US Stamps

Eight iterations of Uncle Sam return on additional-ounce coil

Jan 17, 2019, 2 PM

By Michael Baadke

If you think the latest United States coil stamp looks familiar, there’s a good reason for that.

The nondenominated (15¢) Uncle Sam’s Hat coil stamp for additional-ounce postage borrows its eight-hat design from an earlier additional-ounce stamp issued in a pane of 20 on Feb. 18, 2017 (Scott 5174).

The new stamp is being issued in a coil of 100 on Jan. 27 as part of the Sunday landslide of new issues accompanying postage rate changes that go into effect the same day.

For the additional-ounce rate, that change is actually a reduction, and a significant one at that.

The Postal Service previously charged an additional 21¢ per ounce for each ounce over  the 1 ounce that a regular letter weighs, up to 3.5 ounces.

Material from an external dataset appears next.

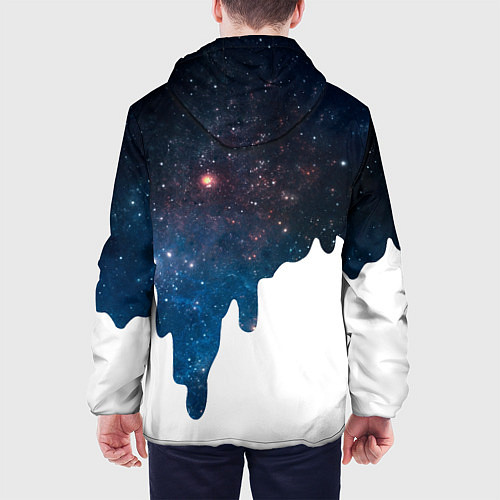 Мужская куртка Млечный Путь - Milky Way / 3D-Черный – фото 4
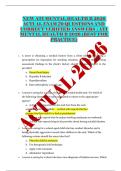 NEW ATI MENTAL HEALTH B 2026 ACTUAL EXAM 70 QUESTIONS AND CORRECT VERIFIED ANSWERS &vert; ATI MENTAL HEALTH B 2026 &lpar;BEST FOR PRACTICE&rpar;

That add-on fee drops to 15¢ for this rate change, which means all previous U.S. stamps inscribed “additional ounce,” including the 2017 Uncle Sam’s Hat stamp, are losing nearly 30 percent of their postage value.

There is no first-day ceremony planned for the new stamp, which for first-day-cancel purposes will be officially issued in Kansas City, Mo.

Using the Postal Service’s promotional artwork as a guide, the new stamp varies from the 2017 issue in two easily identifiable ways: The coil has straight die cuts at top and bottom, as opposed to the wavy line die cuts on all four sides of the earlier issue, and a 2019 year date appears in the upper left corner of the new coil, while the sheet stamp shows a 2017 year date reading up in the lower left corner.

As a coil stamp, the new issue will have a small plate number printed on every 31st stamp in the roll, presumably beneath the text near the bottom that reads “Additional ounce USA.”

Postal Service art director Antonio Alcala created the design shown on the new stamp and the original.

“The stamp features eight graphic top hats in Uncle Sam’s signature style,” according to the Postal Service, “with red and white vertical stripes above a blue band with a white star and a gray brim.

“Beneath each hat is an oval shape representing a face, each in a different shade, meant to suggest the ethnic and racial diversity of the United States.”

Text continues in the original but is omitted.